Organoids created from stem cells are used to model diseases, test drugs, and develop personalized and regenerative medicine.

Patients with anorexia nervosa did not show a correlation between zinc levels and taste perception or the severity of their condition.

Melanocytes are crucial for skin pigmentation and can affect conditions like melanoma, vitiligo, and albinism, as well as hair color and hearing.

The document concludes that careful diagnosis is crucial for chromosome 13q deletion syndrome, tamoxifen can cause reversible eye damage, finasteride may be linked to cataracts, and OCT is useful for diagnosing macular diseases.

Dialysis patients benefit from water-soluble vitamins but need careful management to avoid risks.

Two new enzymes, PAD-R11 and PAD-R4, were cloned and showed activity, with PAD-R11 resembling epidermal enzymes.

Certain mutations in the H6PD gene cause Cortisone Reductase Deficiency by affecting hormone production.

A deletion in the CDH3 gene causes a rare disorder with short hair and vision loss.
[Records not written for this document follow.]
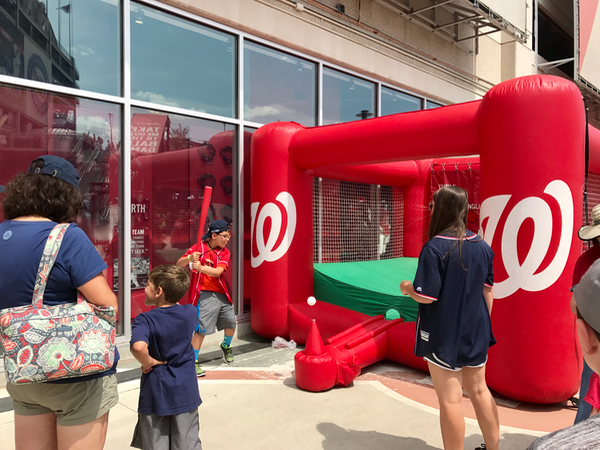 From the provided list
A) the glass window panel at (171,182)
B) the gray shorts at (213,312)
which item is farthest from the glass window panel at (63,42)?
the gray shorts at (213,312)

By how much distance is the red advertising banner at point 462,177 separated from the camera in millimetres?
6938

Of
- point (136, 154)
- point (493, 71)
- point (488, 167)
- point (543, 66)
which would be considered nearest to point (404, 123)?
point (488, 167)

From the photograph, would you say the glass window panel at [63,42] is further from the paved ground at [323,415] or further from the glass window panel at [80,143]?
the paved ground at [323,415]

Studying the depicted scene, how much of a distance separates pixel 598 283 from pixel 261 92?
20.2 feet

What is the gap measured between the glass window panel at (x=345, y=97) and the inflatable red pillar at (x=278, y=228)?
206cm

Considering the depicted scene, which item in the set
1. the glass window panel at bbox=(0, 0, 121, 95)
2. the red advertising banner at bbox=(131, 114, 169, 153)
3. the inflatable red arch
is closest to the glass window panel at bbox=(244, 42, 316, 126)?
the red advertising banner at bbox=(131, 114, 169, 153)

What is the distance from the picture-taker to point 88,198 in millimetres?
4859

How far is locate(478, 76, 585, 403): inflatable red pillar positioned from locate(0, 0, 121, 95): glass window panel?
3.92m

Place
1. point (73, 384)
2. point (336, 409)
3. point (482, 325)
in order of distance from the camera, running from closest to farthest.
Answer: point (73, 384)
point (482, 325)
point (336, 409)

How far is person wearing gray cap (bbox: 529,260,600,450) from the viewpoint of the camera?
0.72 meters

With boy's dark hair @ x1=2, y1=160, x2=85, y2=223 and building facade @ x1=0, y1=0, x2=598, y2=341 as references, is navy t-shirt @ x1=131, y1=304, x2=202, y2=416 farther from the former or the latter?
building facade @ x1=0, y1=0, x2=598, y2=341

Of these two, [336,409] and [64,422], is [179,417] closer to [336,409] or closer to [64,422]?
[64,422]

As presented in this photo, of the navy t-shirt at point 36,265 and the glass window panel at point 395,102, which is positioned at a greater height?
the glass window panel at point 395,102

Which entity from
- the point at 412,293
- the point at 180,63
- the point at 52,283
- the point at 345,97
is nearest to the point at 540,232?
the point at 412,293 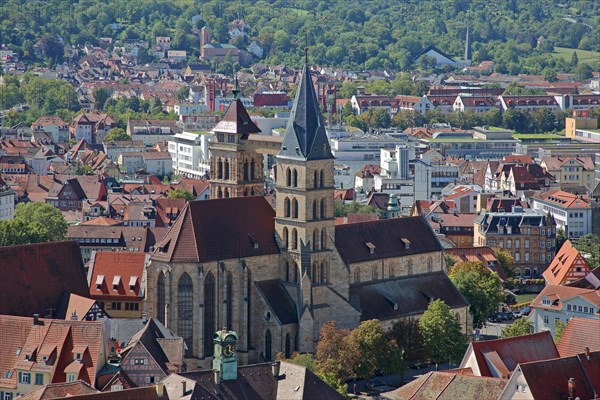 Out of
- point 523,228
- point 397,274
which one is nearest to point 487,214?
point 523,228

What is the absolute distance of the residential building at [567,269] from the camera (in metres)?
163

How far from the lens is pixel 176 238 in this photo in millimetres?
127250

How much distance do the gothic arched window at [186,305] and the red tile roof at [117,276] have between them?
271 inches

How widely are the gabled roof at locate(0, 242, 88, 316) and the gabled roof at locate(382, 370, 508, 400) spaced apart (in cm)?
2630

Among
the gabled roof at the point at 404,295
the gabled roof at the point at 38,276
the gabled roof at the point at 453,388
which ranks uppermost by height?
the gabled roof at the point at 38,276

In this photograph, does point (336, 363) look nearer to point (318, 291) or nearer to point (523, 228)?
point (318, 291)

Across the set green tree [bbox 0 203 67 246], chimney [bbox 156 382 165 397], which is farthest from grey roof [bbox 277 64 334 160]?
green tree [bbox 0 203 67 246]

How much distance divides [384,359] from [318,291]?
6507 millimetres

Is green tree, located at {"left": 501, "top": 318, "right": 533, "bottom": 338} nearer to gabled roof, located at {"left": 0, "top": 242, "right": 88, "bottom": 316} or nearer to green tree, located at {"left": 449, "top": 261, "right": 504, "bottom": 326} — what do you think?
green tree, located at {"left": 449, "top": 261, "right": 504, "bottom": 326}

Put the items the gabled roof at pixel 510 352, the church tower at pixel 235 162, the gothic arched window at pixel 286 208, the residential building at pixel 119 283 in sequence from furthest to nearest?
the church tower at pixel 235 162
the residential building at pixel 119 283
the gothic arched window at pixel 286 208
the gabled roof at pixel 510 352

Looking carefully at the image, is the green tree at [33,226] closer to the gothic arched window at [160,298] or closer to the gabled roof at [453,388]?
the gothic arched window at [160,298]

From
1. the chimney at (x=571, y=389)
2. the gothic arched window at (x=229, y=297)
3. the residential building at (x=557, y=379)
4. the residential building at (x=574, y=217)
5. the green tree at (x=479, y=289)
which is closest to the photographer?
the residential building at (x=557, y=379)

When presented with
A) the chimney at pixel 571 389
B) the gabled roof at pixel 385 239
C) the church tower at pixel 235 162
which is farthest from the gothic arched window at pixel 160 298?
the chimney at pixel 571 389

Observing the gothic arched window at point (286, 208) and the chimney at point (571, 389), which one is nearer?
the chimney at point (571, 389) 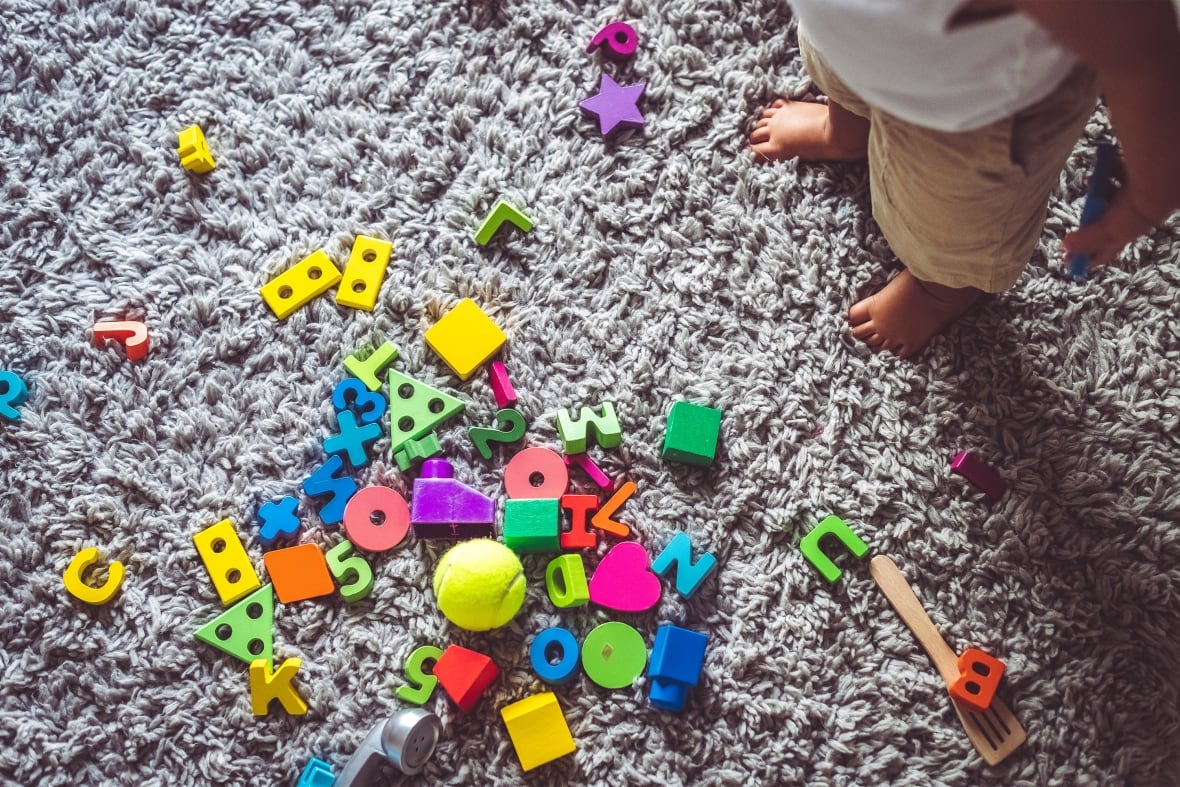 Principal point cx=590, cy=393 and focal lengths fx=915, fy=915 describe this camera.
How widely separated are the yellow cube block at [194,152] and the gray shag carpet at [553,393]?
0.02 m

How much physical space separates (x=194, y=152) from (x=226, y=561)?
0.45 metres

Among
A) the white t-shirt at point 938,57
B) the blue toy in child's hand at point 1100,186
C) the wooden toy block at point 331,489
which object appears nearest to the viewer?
the white t-shirt at point 938,57

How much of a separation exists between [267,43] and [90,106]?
21 cm

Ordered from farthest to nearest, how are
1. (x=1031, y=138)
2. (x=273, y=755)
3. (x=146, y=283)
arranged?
1. (x=146, y=283)
2. (x=273, y=755)
3. (x=1031, y=138)

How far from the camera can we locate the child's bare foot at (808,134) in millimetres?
938

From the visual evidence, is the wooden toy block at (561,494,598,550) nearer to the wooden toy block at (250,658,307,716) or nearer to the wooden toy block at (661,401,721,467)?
the wooden toy block at (661,401,721,467)

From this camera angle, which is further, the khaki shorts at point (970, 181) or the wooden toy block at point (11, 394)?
the wooden toy block at point (11, 394)

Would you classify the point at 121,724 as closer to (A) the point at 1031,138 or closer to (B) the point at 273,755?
(B) the point at 273,755

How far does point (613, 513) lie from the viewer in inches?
35.5

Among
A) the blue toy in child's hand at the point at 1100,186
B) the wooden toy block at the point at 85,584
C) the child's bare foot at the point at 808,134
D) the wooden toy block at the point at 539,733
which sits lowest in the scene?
the wooden toy block at the point at 539,733

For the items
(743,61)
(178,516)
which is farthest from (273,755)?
(743,61)

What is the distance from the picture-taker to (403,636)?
0.88 m

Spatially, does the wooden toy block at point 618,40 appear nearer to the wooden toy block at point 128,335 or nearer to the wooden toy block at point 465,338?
the wooden toy block at point 465,338

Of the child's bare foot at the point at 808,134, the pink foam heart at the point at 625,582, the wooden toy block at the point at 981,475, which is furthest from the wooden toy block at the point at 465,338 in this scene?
the wooden toy block at the point at 981,475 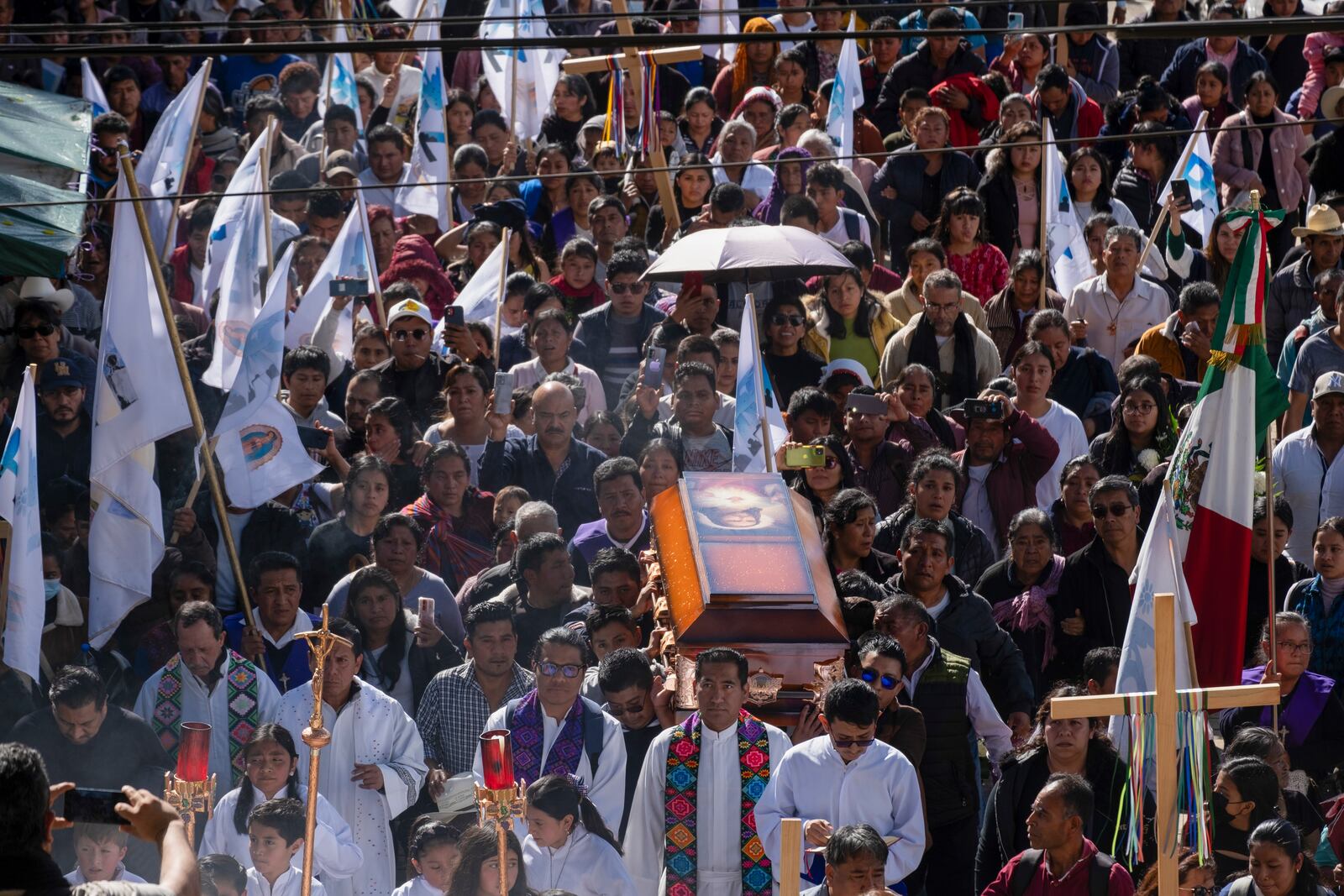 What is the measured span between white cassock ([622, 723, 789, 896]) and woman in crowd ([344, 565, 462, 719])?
145 cm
A specific gene mutation causes vitamin D resistance, but certain vitamin D analogs might help.

VDDR I and II are genetic disorders affecting vitamin D use, causing rickets, with VDDR I treatable by vitamin D supplements and VDDR II needing high doses and calcium.

Finasteride effectively inhibits the enzyme steroid 5 alpha-reductase II.

Measuring 24-OHase induction helps identify defects in vitamin D processing and predict treatment response.

Non-coding RNA boosts retinoic acid production and signaling, aiding regeneration.

Finasteride irreversibly affects human steroid 5α-reductase 2, providing insight into its catalytic mechanism and disease-related mutations.

Taking riboflavin and eating less lysine can help some people with a specific genetic disorder avoid brain damage.

A girl had rickets due to a gene mutation affecting vitamin D response.

DPR can show different hair characteristics, as seen in two brothers with normal hair.

A 2-year-old girl with a rare vitamin D disorder had rickets and hair loss, but treatment was ineffective due to poor compliance.

Retinoids or their analogs could treat skin pigmentation disorders like melasma and vitiligo.

A specific gene mutation causes hair loss and potential eye issues, even if vision seems normal.

Dermatopathia pigmentosa reticularis causes skin discoloration, hair loss, and nail problems.

The human type II 5α-reductase gene has a specific structure important for understanding certain medical conditions.

The document's conclusion cannot be provided because the document is not available or cannot be read.

This enzyme helps metabolize fatty acids and isoleucine, and could be key in treating neurological diseases and certain cancers.

A genetic mutation in the CDH3 gene causes hair loss and vision problems in a young Saudi girl.

Retinoids can help treat skin pigmentation disorders by affecting melanin production.

RXRa is crucial for Th2 immune cell development and may link nutrition to immune health.

An 11-year-old girl with a rare skin disorder also had cornea issues and dry eye, needing careful management.